**Work task:**
Reproduce exactly the lines from the one containing "Image result for MEMS Sensor Technology" through the end of the listing, minus the pictures.

(Collected data)

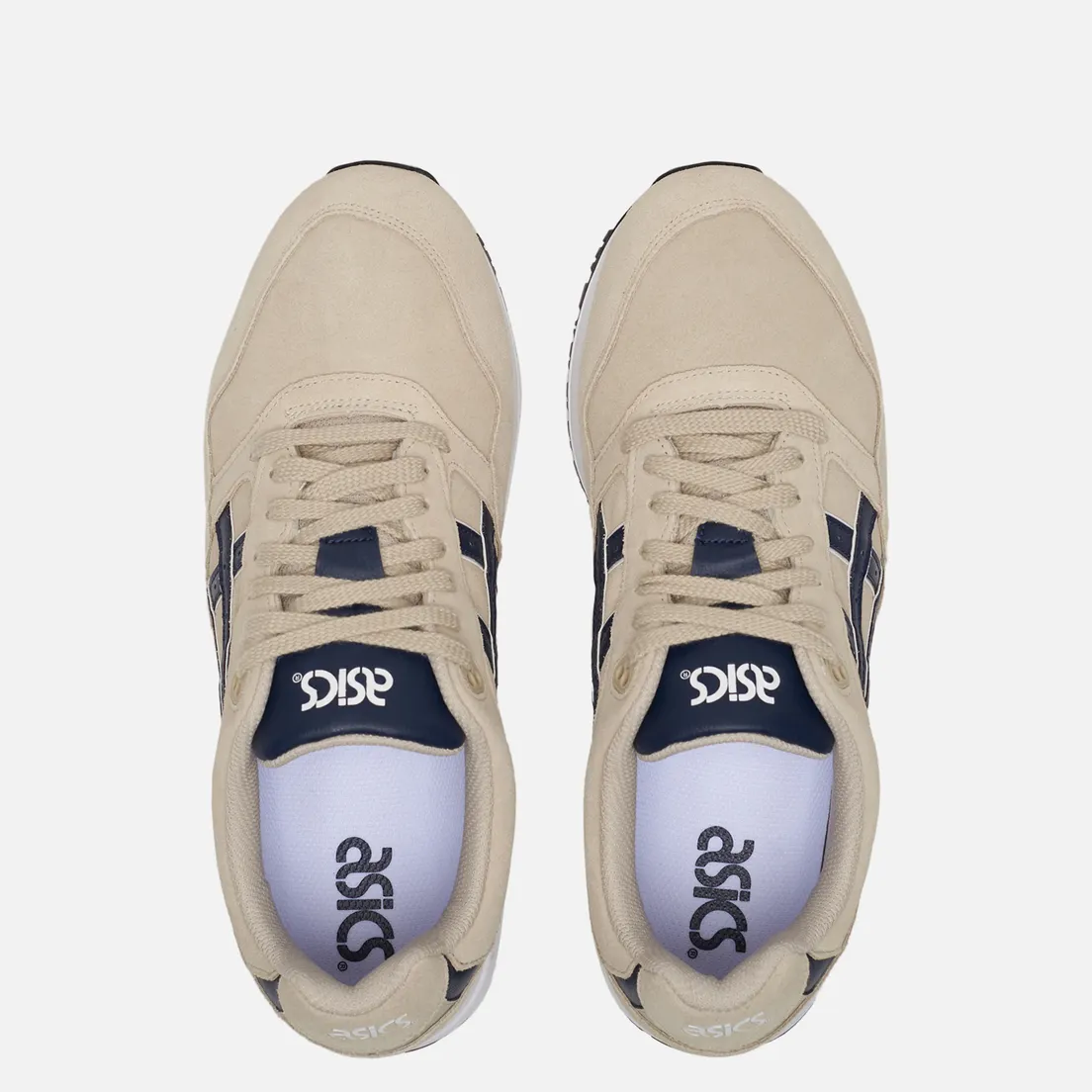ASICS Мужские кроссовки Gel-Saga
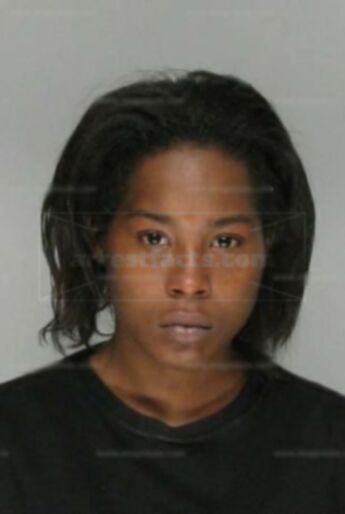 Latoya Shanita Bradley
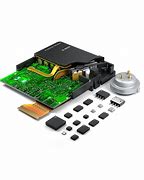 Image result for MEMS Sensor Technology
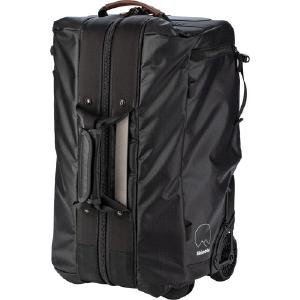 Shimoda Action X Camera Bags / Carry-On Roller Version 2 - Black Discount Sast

(End Collected data)

**Your solution:**
 Image result for MEMS Sensor Technology
 Shimoda Action X Camera Bags / Carry-On Roller Version 2 - Black Discount Sast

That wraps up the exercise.